Start of Block

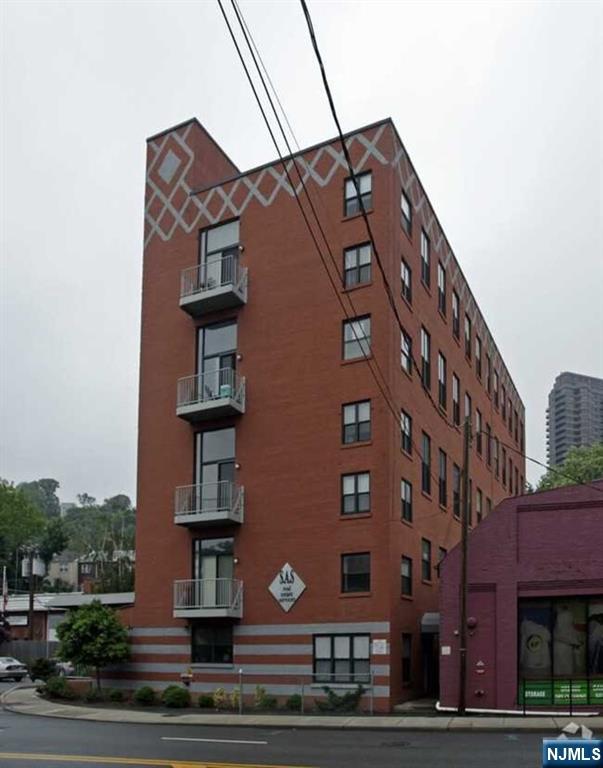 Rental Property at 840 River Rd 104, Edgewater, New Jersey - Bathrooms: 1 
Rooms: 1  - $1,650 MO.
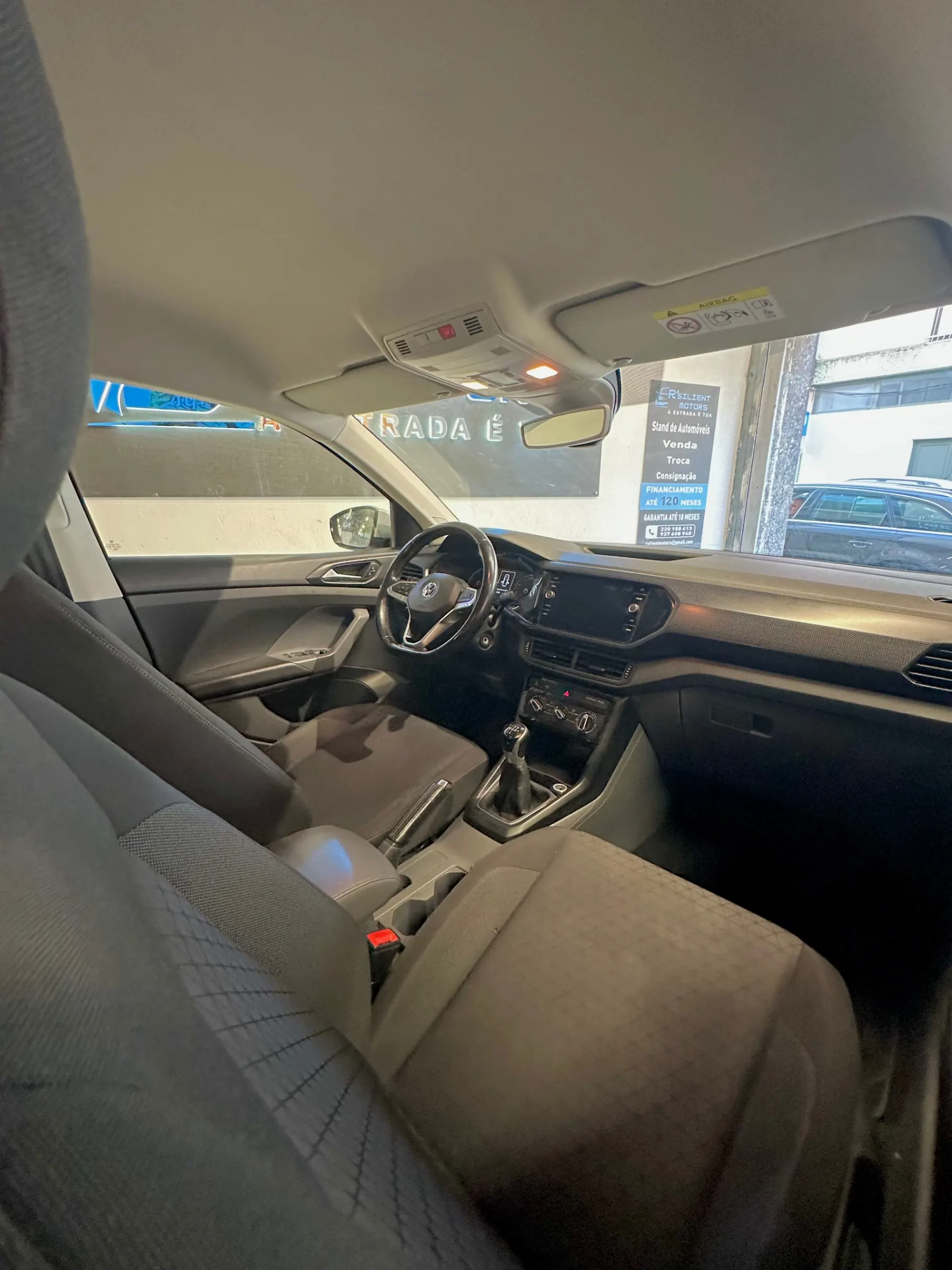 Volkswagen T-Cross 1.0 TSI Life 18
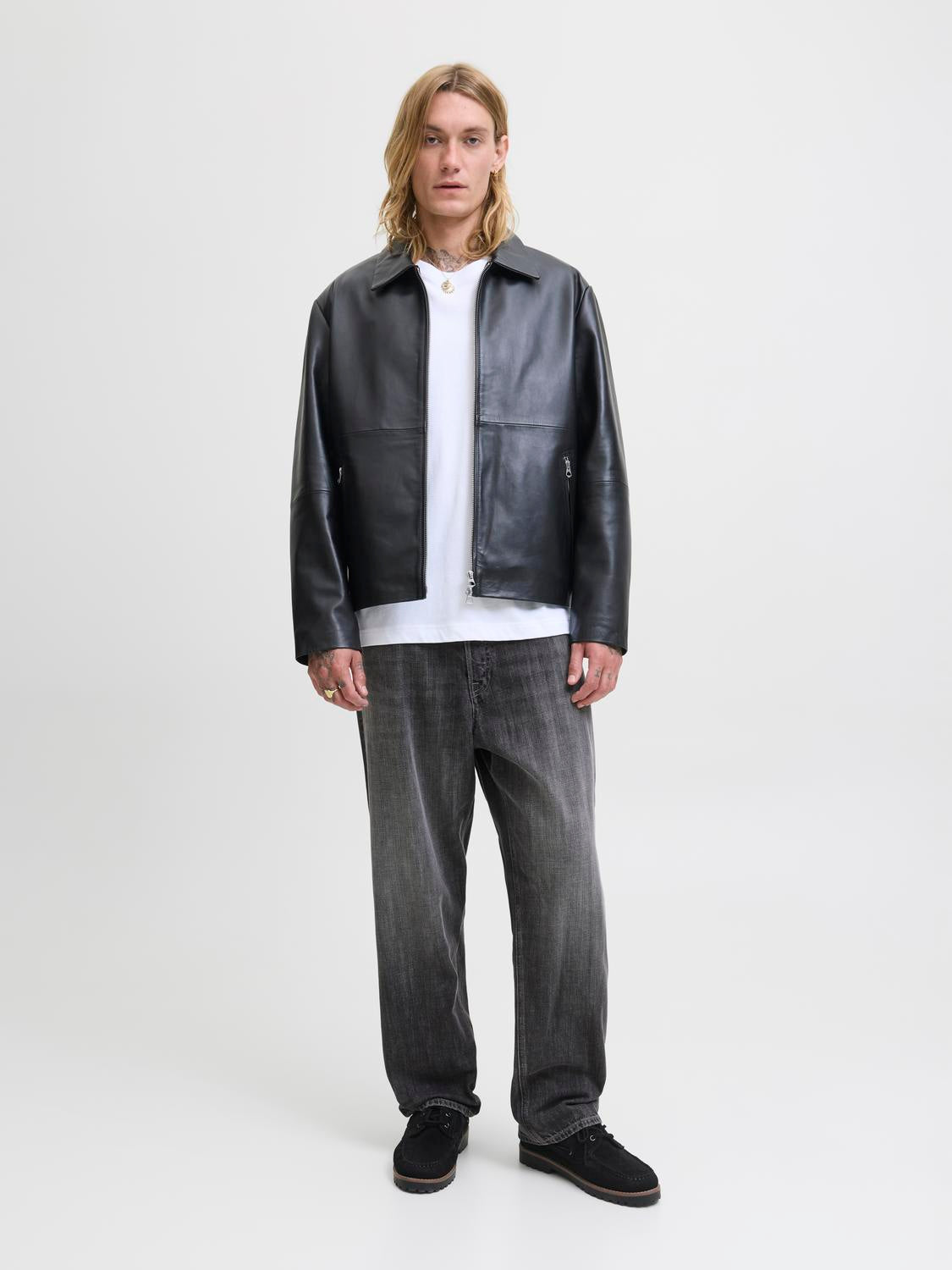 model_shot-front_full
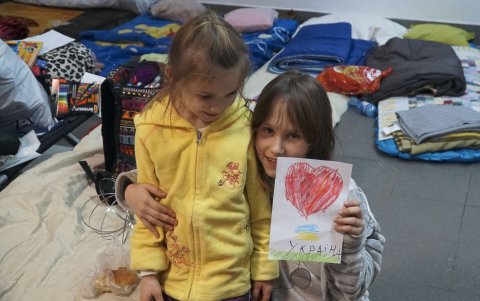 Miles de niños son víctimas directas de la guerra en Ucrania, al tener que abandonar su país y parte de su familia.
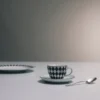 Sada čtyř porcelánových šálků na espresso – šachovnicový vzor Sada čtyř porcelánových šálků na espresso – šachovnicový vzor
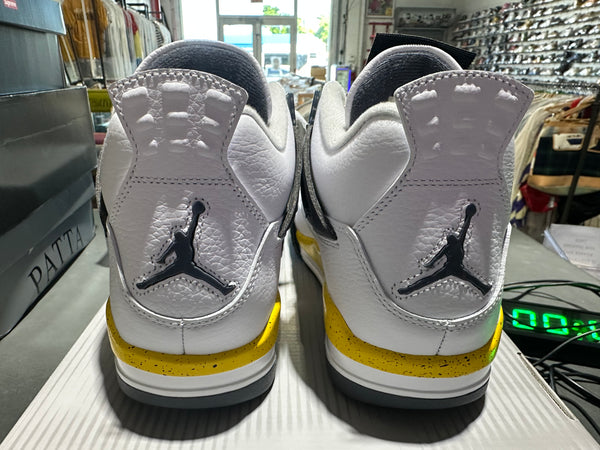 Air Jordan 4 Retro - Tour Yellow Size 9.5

End of Block
Start of Block

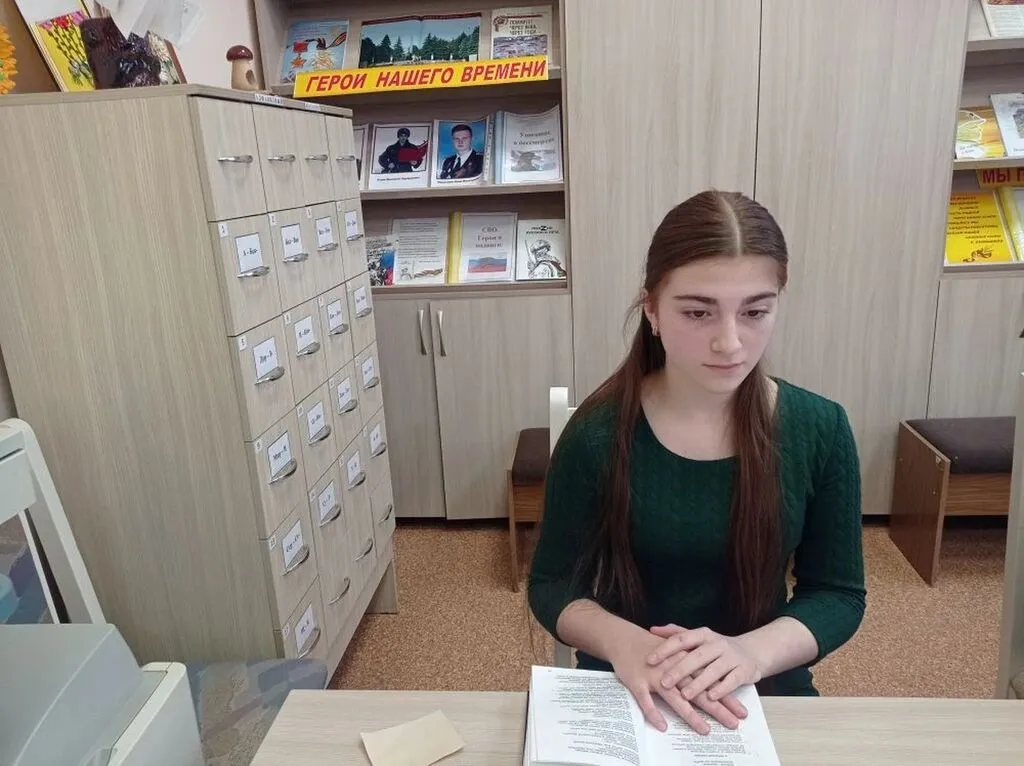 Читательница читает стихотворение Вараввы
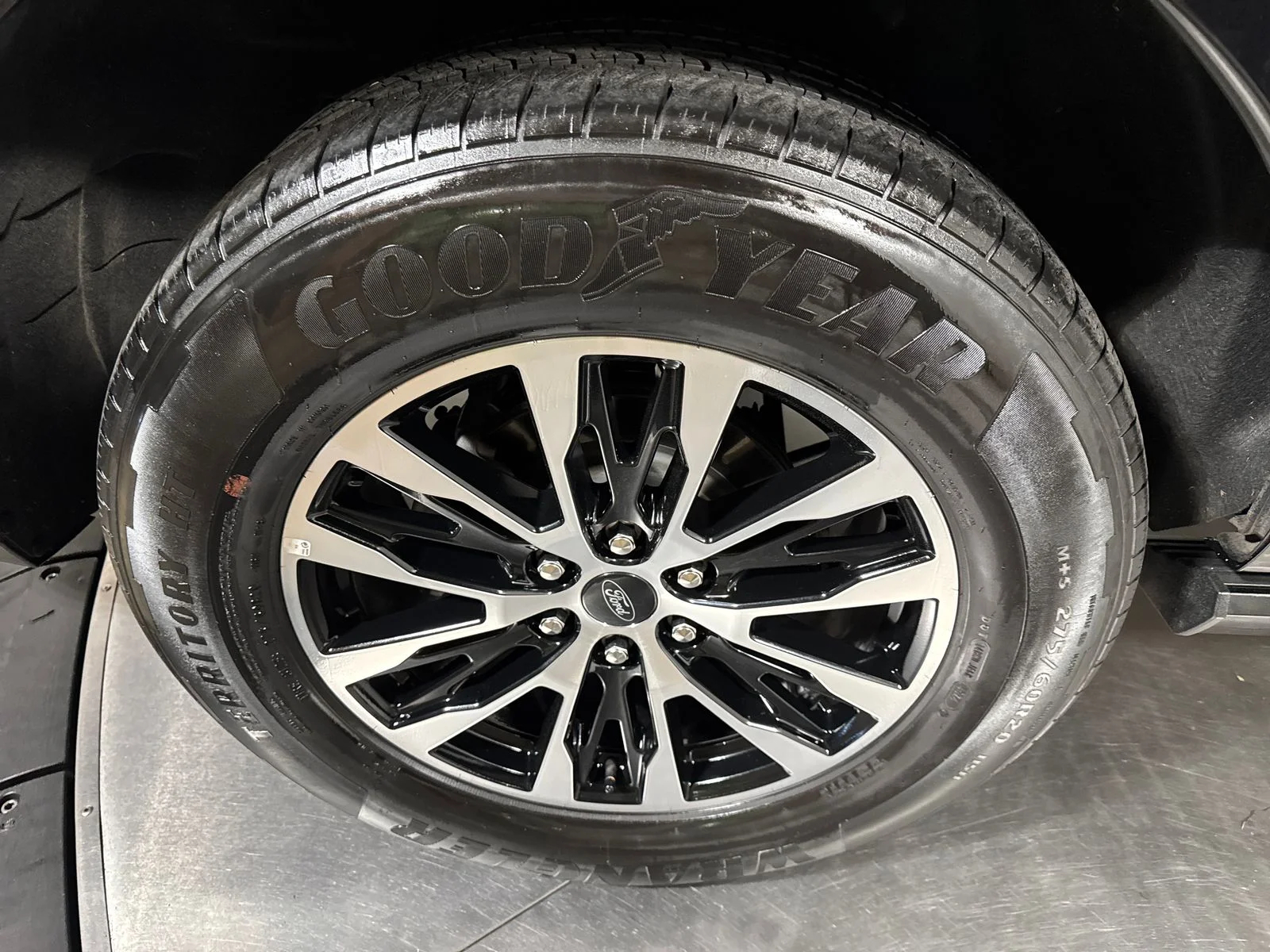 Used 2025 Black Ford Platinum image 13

End of Block

> **ACTIVITY**
The output is the stretch above from the line with "Читательница читает стихотворение Вараввы" through the line with "Used 2025 Black Ford Platinum image 13", copied word for word with both ends kept and every picture dropped.

> **SOLUTION**
 Читательница читает стихотворение Вараввы
 Used 2025 Black Ford Platinum image 13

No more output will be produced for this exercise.